Un escritor persa dijo que las
cualidades que se necesitan para ser político no tienen nada que ver con las
que se precisan para llegar al poder, lo cual me sugiere que quienes tienen
menos escrúpulos, menos barreras morales y emocionales son quienes llegan a
gobernar.
Este lado oscuro del talento político
debería disimularse con un alto nivel de formación, carisma, capacidad oratoria
y otras competencias que elevan la imagen del político y lo hacen digno de la
confianza de sus votantes. Así ocurre en la mayoría de países del mundo, pero
no en España.
En España los ineptos, los incultos y los
corruptos llegan a la cima. ¿Cómo es eso?

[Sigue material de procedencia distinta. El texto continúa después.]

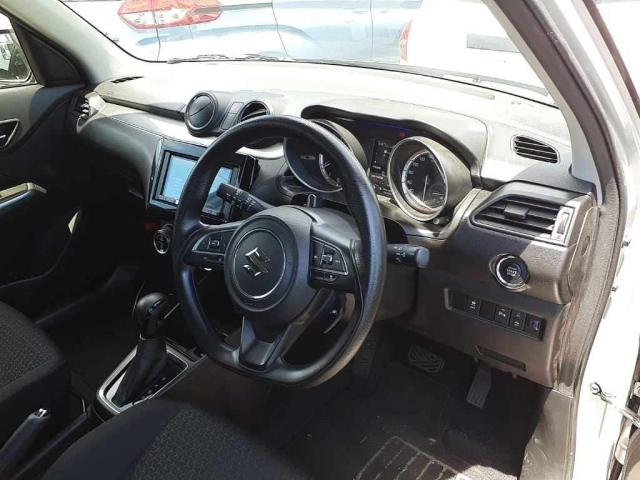 SUZUKI SWIFT 2021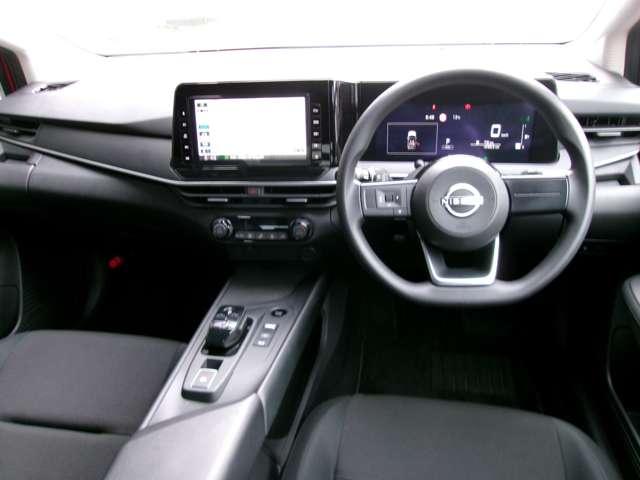 ノート メモリーナビ ETC 踏み間違い防止装置 衝突軽減ブレーキ ワンオーナー LDW バックカメラ インテリキー イモビライザー メモリーナビ ナビTV付き ワンセグTV付き 整備点検記録簿 ETC オートエアコン サイドエアバッグ パワーウインドウ(3枚目)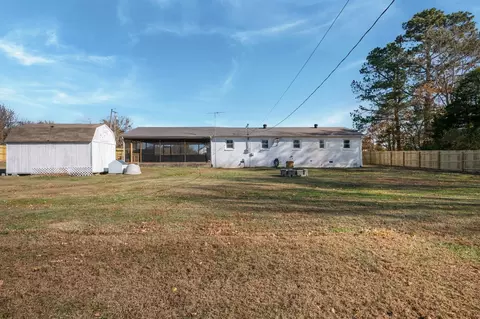 Exterior - 3205 Sylvia Rd, Dickson, TN 37055 photo 7 of 9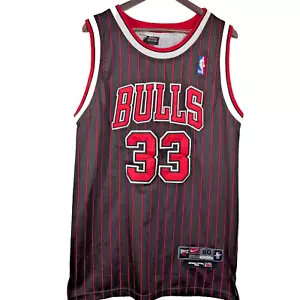 Camiseta cosida de colección del equipo Chicago Bulls Nike Scottie Pippen talla 50/L negra roja - Imagen 1 de 10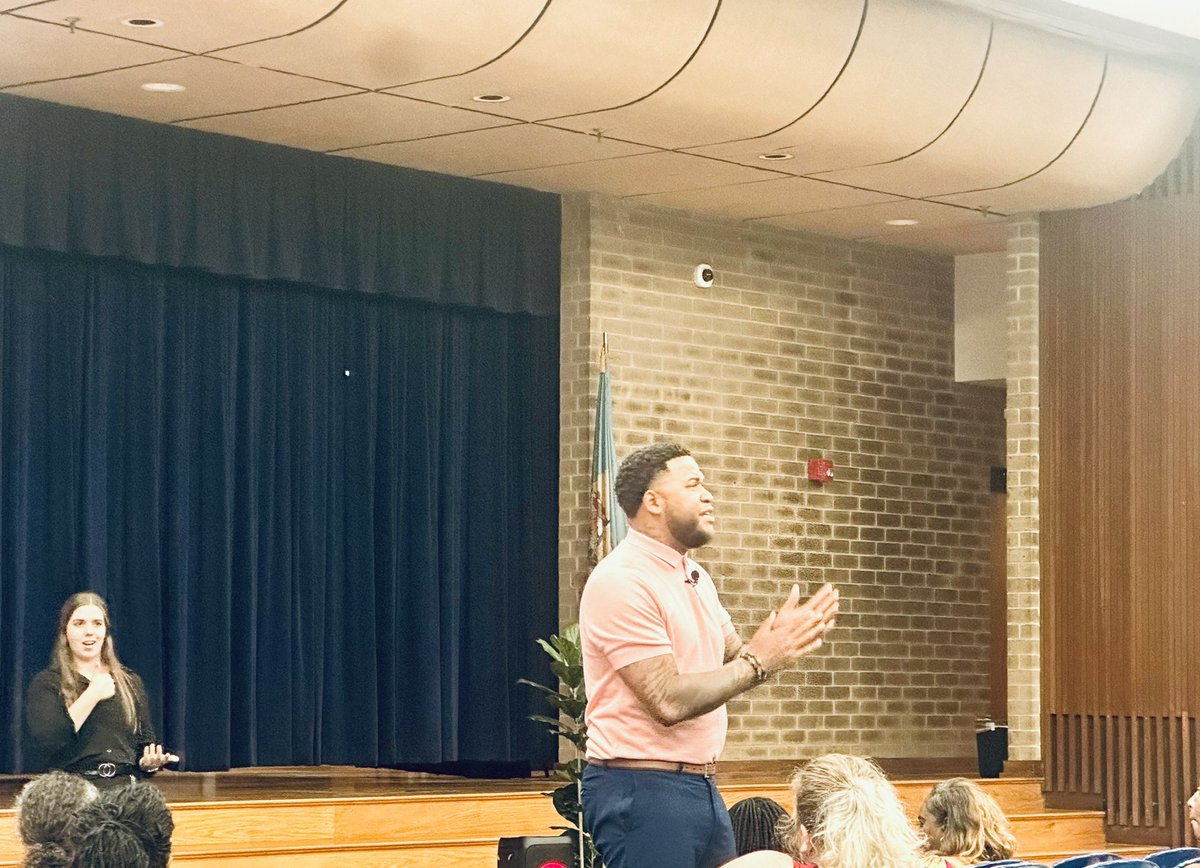 Mrs. Eller Teacher_City ππ»ππππ½ββοΈ (@teacher_city) on Twitter photo It was really super #AWESOME to have you w/us today Dr. <a href="/TommieMabry/">Dr. Tommie Mabry</a> at the #CSDBelonging Conference in <a href="/ChristinaK12/">Christina School District</a>! You were #INCREDIBLE Dr. Mabry!π€π₯ #KeepShiningβοΈGreat kick-off to a 4-day learning experience designed around different professional learning tracks! #CSDPride It was really super #AWESOME to have you w/us today Dr. <a href="/TommieMabry/">Dr. Tommie Mabry</a> at the #CSDBelonging Conference in <a href="/ChristinaK12/">Christina School District</a>! You were #INCREDIBLE Dr. Mabry!π€π₯ #KeepShiningβοΈGreat kick-off to a 4-day learning experience designed around different professional learning tracks! #CSDPride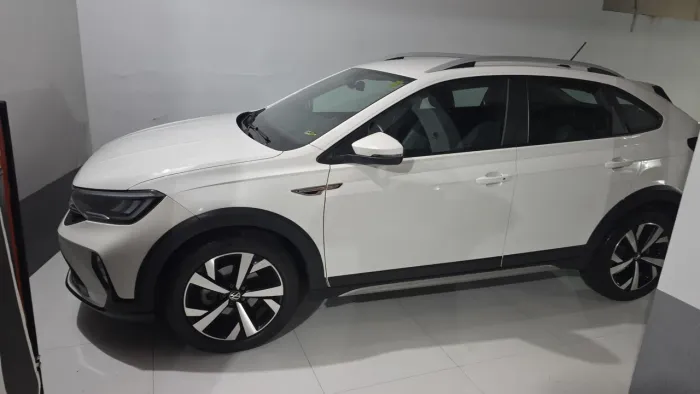 Volkswagen Nivus Highline 1.0 200 TSI Flex AUT 2024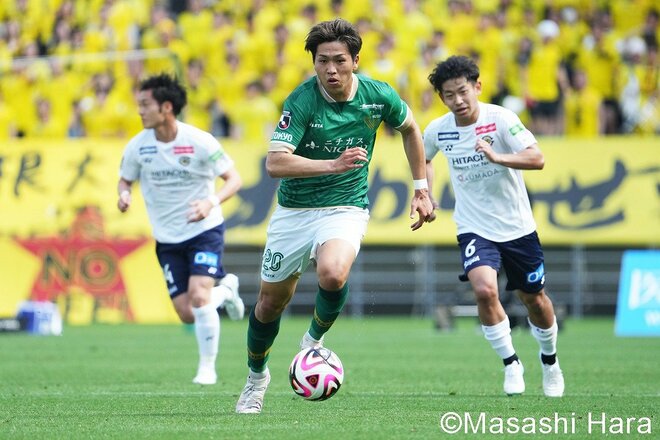 山田楓喜他U23アジアカップに出場する若武者が躍動！1点を争う接戦の行方　PHOTOギャラリー【明治安田J1リーグ 第7節 東京ヴェルディvs柏レイソル 2024年4月7日 13:03キックオフ】の画像001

Es fácil reconocer que la sociedad del
país tiende a premiar el ignorante, el gandul y el ladrón. Lo vemos cada día en
televisión: un rebaño de personajes impresentables cobran sueldos millonarios,
y se trata la incompetencia política como si fuera un chiste ocurrente.
¿Por qué?
Las raíces identitarias culturales
españolas llevan incorporada la indignidad personal y la bajeza voluntaria.
Conseguir lo contrario implicaría un gran esfuerzo individual de construcción
personal. Es mucho más cómodo aceptarse con los defectos e identificarse con
gente similar (a quien es obligado premiar para no desprestigiarse uno mismo).

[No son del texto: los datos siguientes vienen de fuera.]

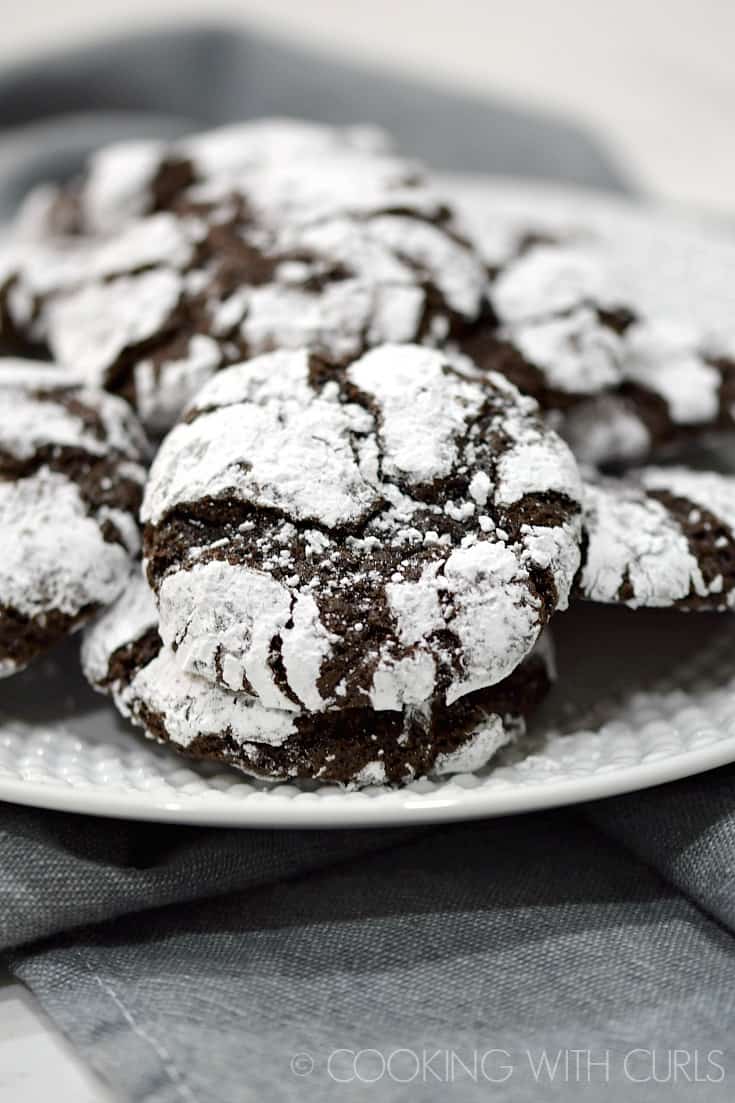These Fudgy Chocolate Crinkle Cookies are loaded with rich, dark chocolate and rolled in sugar for the perfect chewy treat! © 2017 COOKING WITH CURLS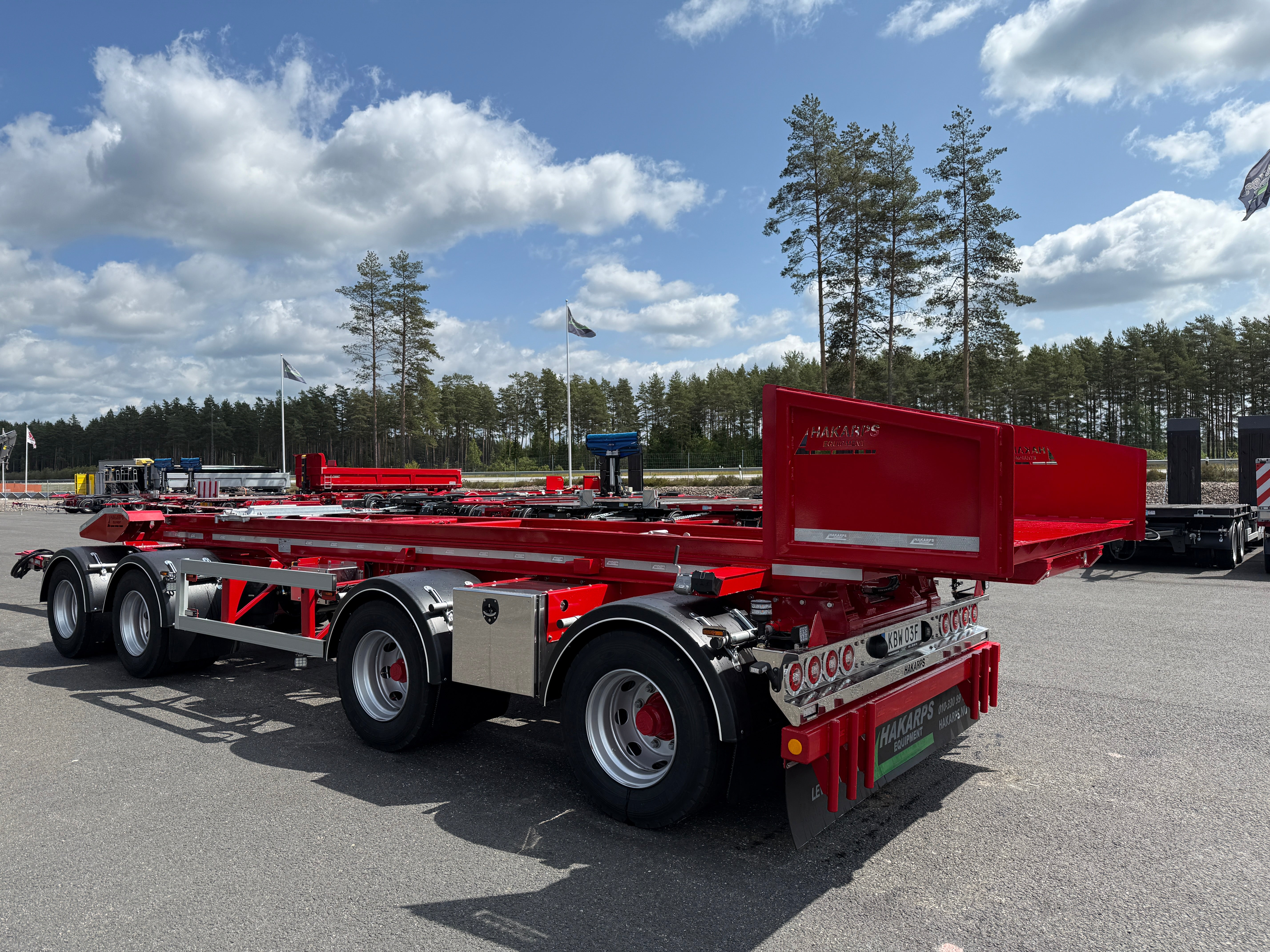 4 axlad 38 tons lastväxlarvagn med tipp, skjutbar boggie och flak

Esta tara tiene graves consecuencias. Por
un lado apoya la estupidez y la ignorancia, por otro castiga al legal, al
honesto y al culto. La culpa la tiene el deporte nacional: la envidia, una envidia que sólo puede ser
producto de un ínfimo nivel de dignidad personal y de conciencia de uno mismo.
Esta psicología retorcida es la que hace
que España sea tan distinta a otros países serios, porque no lo olvidemos: lo
que hace grande a un país son las personas.